Saturday, 8 May 2010

Whether Original Sin Is A Habit?

S.T. Part I-II. Question 82. Article 1:

In order to answer this problem, it is imperative that we actually understand the question at hand. What exactly do we mean by 'habit'?
A dictionary translates it thus: 'an acquired behavior pattern regularly followed until it has become almost involuntary' or 'customary practice or use' or 'a dominant or regular disposition or tendency; prevailing character or quality'. What is outlined in these particular definitions is that of something lasting, enduring, not a mere occasional occurrence. Out of which arise certain acts formed by this predisposition, a good habit will bring forth good fruit, a bad, the opposite.
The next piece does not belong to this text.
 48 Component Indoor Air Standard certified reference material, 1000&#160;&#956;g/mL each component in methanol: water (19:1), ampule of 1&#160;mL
This will seem 'natural' to man.

Initially the objection is raised by the Angelic Doctor that original sin can not be a habit, simply as it is the 'absence of original justice' which Saint Anselm expounds. This absence therefore requires that original sin is given the appellation of 'privation', the lack of some perfection which is supposed to be within and completes the nature.
The second objection states that actual sin (that which we voluntary commit through our own deliberation, as opposed to being received from our first parents, has the greater essence of a fault. Otherwise 'it would follow that a man while asleep, would be guilty of sin', as original sin is received involuntarily, it is simply transmitted through human nature.
Next a challenge is advanced which relates that in evil an 'act always precedes habit'.
On a side note, the Servant of God, Archbishop Sheen stated rightly that each addiction is preceded by the initial will (to pick up an alcoholic drink), then through being repeated, this becomes a habit, and if it remain unchecked , it careers out of control and brings about destruction. The poor soul is chained by his own will and excuses his pernicious behaviour as an 'illness'.
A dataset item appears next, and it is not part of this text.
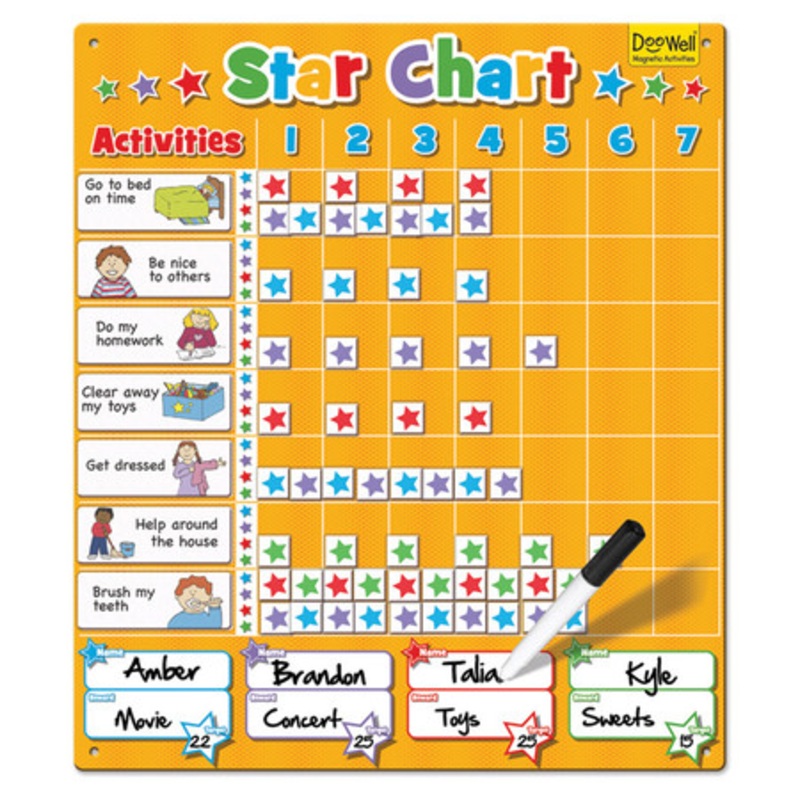 Fiesta Crafts – Doowell Family Star Chart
Saint Thomas answers, on the contrary that original sin is a habit, and utilises the authority of Saint Augustine who wrote that, infants as a result of receiving original sin have the 'aptitude' of concupiscence though they are incapable of willing freely.
The Angelic Doctor then describes how habit has two aspects:

1) 'Power is inclined (meaning led towards) to an act: thus science (to truth) and virtue (to the Good) are called habits.
However, with such an aspect, original sin is not a habit.
2) 'The disposition of a complex nature (such as the dual nature of man, composite of body and soul, yet one substance) whereby that nature is well or ill disposed (as in the case of concupiscence) to something when such a disposition has become like a second nature, as in the case of sickness'.

It must be affirmed that all of God's creation is of its nature good, as the Good Lord 'made not death, neither hath he pleasure in the destruction of the living.' (Wisdom 1:13) and 'He he created all things that they might be: and he made the nations of the earth for health: and there is no poison of destruction in them, nor kingdom of hell upon the earth.' (1.14). It was not according to the plan of God (although He certainly foresaw the Fall of Adam) that His creatures destroy themselves through sin and suffer greatly in the process. It is proper to the justice of God that man suffers for disobedience, which is intended to bring about a realisation of the deadly nature of sin.
The Angelic Doctor continues by saying that original sin is an 'inordinate disposition', which means that the end of human nature is to cling to God, who alone fulfills our created substance, and as a result of this contracted 'disease', we lose the initial 'harmony' which orders all things correctly to God. Sickness is the absence of health, where a certain 'element' attacks the beauty and the perfect and ordered functioning of the body. This therefore comprises two facets, one positive, 'the very humors that are inordinately disposed', and privation (a negative), 'as it denotes the destruction of the equilibrium of health'.
A propensity to a disordered (evil) act occurs in an indirect manner which is through the deficiency of 'original justice'. This initial ordered state, made it difficult for man to fall, as the human person had no knowledge of sin, no concupiscence, and God's presence was felt strongly.
Now as a result of original sin, man easily becomes confused and shamed, grasps and loves something above its worth, extracts all this is good from it, and departs a slave and still unsatisfied. The original arrangement found comfort and delight in God and was true to the very nature and truth of man, who only finds his uniqueness in relation to the Lord who created and called Him to love.